▶ _EXERCISE PROMPT_
Skip the pictures, and retype the data below in full, exactly.

Segment Start: DATASET SECTION

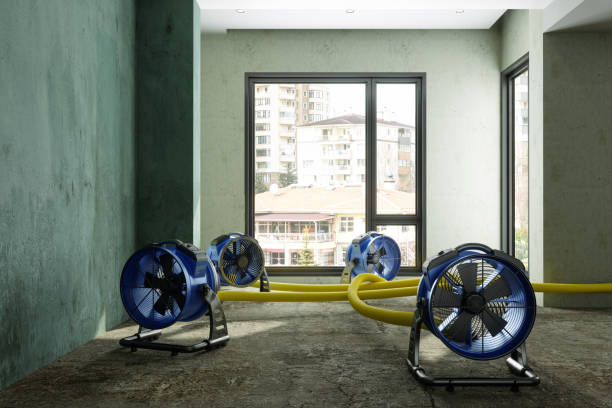 24/7 water damage repair in Sapulpa, OK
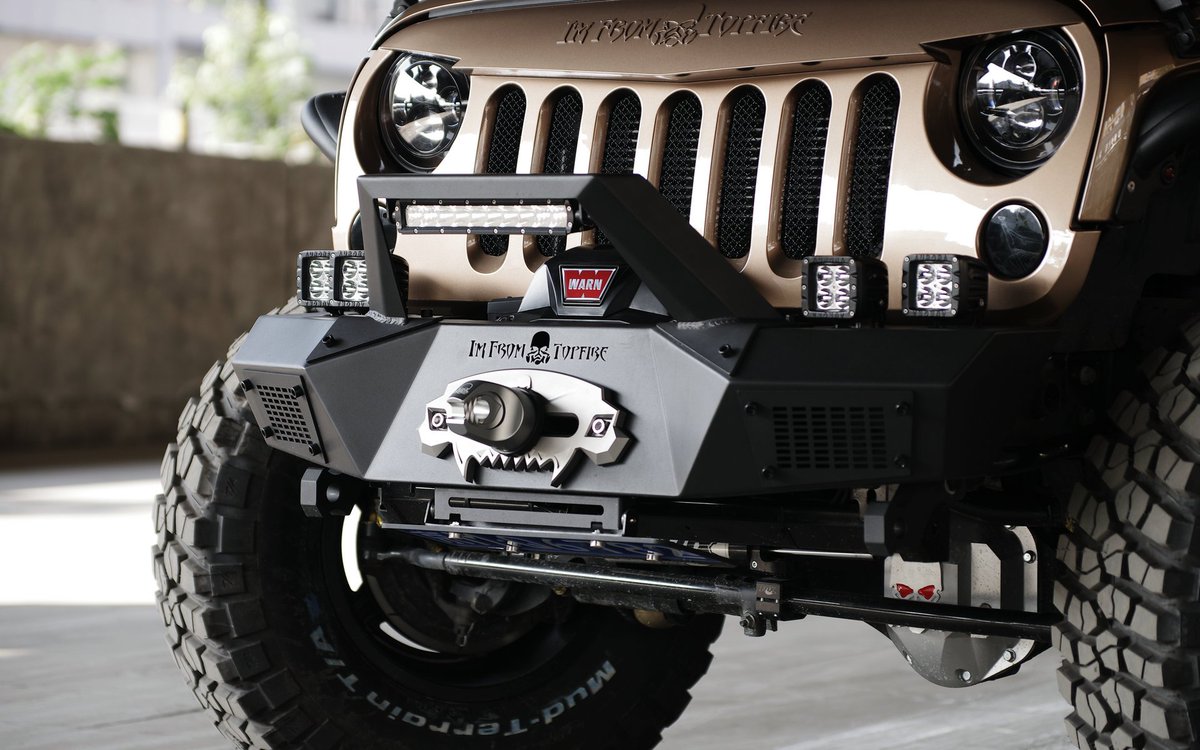 TOPFIRE_CHINA's tweet photo. Simple.#jeep #wrangler https://t.co/T7z0VwBEhZ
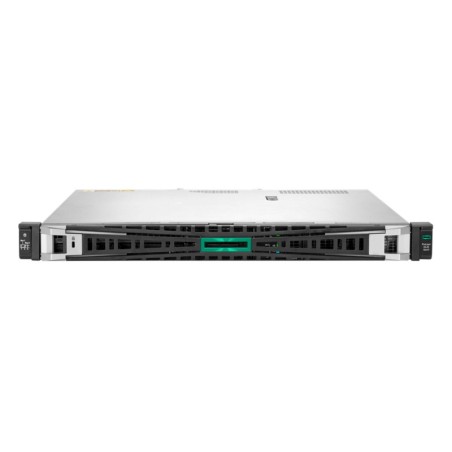 Servidor Hewlett Packard Enterprise Servidor HPE ProLiant DL20 Gen11 Intel Xeon E-2434 3.4GHz 4-core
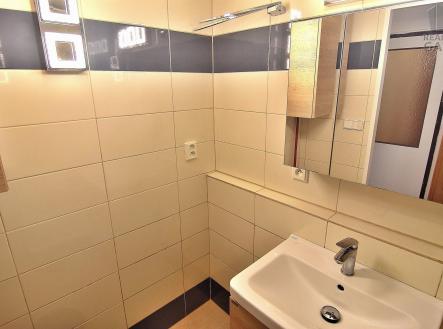 Prodej bytu, 3+1, 91 m² obrázek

Segment End: DATASET SECTION

▶ _ANSWER TO THIS PROBLEM_
 24/7 water damage repair in Sapulpa, OK
 TOPFIRE_CHINA's tweet photo. Simple.#jeep #wrangler https://t.co/T7z0VwBEhZ
 Servidor Hewlett Packard Enterprise Servidor HPE ProLiant DL20 Gen11 Intel Xeon E-2434 3.4GHz 4-core
 Prodej bytu, 3+1, 91 m² obrázek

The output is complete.